DEUXIEME MOYEN DE CASSATION :
L'arrêt attaqué encourt la censure ;
EN CE QU'il a refusé de condamner les autres héritiers X... au paiement d'une indemnité envers Madame Annick X..., à raison de l'apposition de scellés et dans l'impossibilité où elle s'est trouvée de jouir de l'immeuble qui lui était légué et où elle avait fixé son domicile ;
AUX MOTIFS QU'« Il résulte de l'acte en date du 17 novembre 1965 que Madame Odette Y... a entièrement payé comptant le prix d'acquisition de l'immeuble de la rue... à VILLEDIEUX LES POELES ; qu'il n'est pas contesté que Madame Y... disposait de revenus propres ; qu'en l'absence d'autres moyens, le legs de l'immeuble du... sera validé sauf à constater la créance des héritiers de Monsieur X... ; que pour autant la demande d'Annick X... que ses frère et soeur soient condamnés à lui payer une indemnité de 400 par mois à compter du décès de son auteur et jusqu'au 17 décembre 2003, ce pour l'avoir empêchée de jouir de ce bien, ne peut prospérer ; que s'il est constant, en effet, que des scellés ont été apposés sur l'immeuble le 10 mai 2002, à l'initiative d'Alain qui tenait pour contestables certaines des dispositions testamentaires de sa mère, il l'est non moins que la résistance d'Annick à la réalisation d'un inventaire, outre ses errements procéduraux, ont grandement retardé le consentement de ses frère et soeur à la laisser jouir de l'immeuble » ;
ALORS QUE, premièrement, avant de rejeter la demande de Madame Annick X..., les juges du fond devaient rechercher, dès lors que l'apposition des scellés était motivée par les contestations élevées par les autres héritiers, si ces contestations étaient ou non abusives ; que faute d'avoir recherché si tel était le cas, les juges du fond ont privé leur décision de base légale au regard de l'article 1382 du Code civil ;
ET ALORS QUE, deuxièmement, à supposer même qu'une faute ait pu être imputée à Madame Annick X..., de toute façon, dès lors qu'elle n'avait pas le caractère de la force majeure, cette faute ne pouvait exclure une réparation, fût-elle partielle ; que de ce point de vue également, l'arrêt attaqué a été rendu en violation de l'article 1382 du Code civil.
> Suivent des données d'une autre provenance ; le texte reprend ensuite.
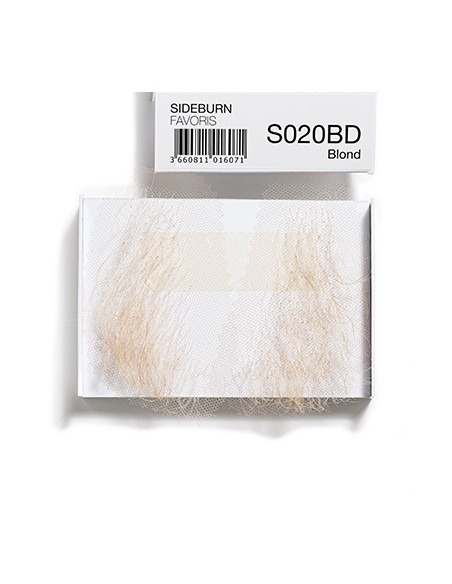 Sideburn S20 blond NUMERIC PROOF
TROISIEME MOYEN DE CASSATION :
L'arrêt attaqué encourt la censure ;
EN CE QU'il a décidé, par confirmation du jugement, que les bijoux faisaient partie de la communauté et devaient être partagés entre les héritiers ;
AUX MOTIFS QUE « s'agissant des bijoux, l'appelante soutient qu'ils sont présumés être des biens propres ; que cependant Odette Y... distingue elle-même dans son testament ses bijoux « personnels », mais sans les spécifier, de « tous les bijoux en or » ; qu'à défaut d'élément contraire, ces bijoux se trouvaient ensemble dans un coffre au CREDIT AGRICOLE de VILLEDIEU LES POELES, commun entre la défunte et sa fille Annick et il résulte de leur inventaire qu'ils sont d'origines diverses » (arrêt p. 6, § 1 à 3) ;
ALORS QUE, premièrement, à supposer que les bijoux de Madame Y... et les bijoux de Madame X..., sa fille, aient été confondus, dans un seul coffre, cette circonstance était impropre à justifier le rejet de la demande de Madame X... tendant à se faire attribuer sur le fondement du legs dont elle bénéficiait, les bijoux de sa mère ; que l'arrêt souffre d'un défaut de base légale au regard des articles 1002 et 1010 du Code civil ;
ALORS QUE, deuxièmement, à supposer qu'une incertitude ait existé à raison de la distinction faite par Madame Y..., dans son testament, entre ses bijoux personnels et les bijoux en or, les juges du fond ne pouvaient rejeter la demande de Madame Annick Y... sans avoir au préalable mis en oeuvre leur devoir d'interprétation ; que faute de se faire, l'arrêt a été rendu en violation de l'article 4 du Code civil, ensemble des articles 1002 et 1010 du même Code ;
ALORS QUE, troisièmement, Madame Annick X... étant légataire des bijoux détenus par Madame Y..., il appartenait aux autres héritiers d'invoquer l'inopposabilité partielle du legs en tant qu'il était susceptible de porter sur des biens indivis et de démontrer, comme ayant la charge de la preuve, qu'il portait effectivement sur des biens de cette nature ; que faute d'avoir constaté que la preuve était rapportée par les autres héritiers de ce que, au moins pour partie, le legs portait sur des biens indivis, les juges du fond ont violé les articles 815-3 ancien du Code civil, 1002 et 1010 du même Code.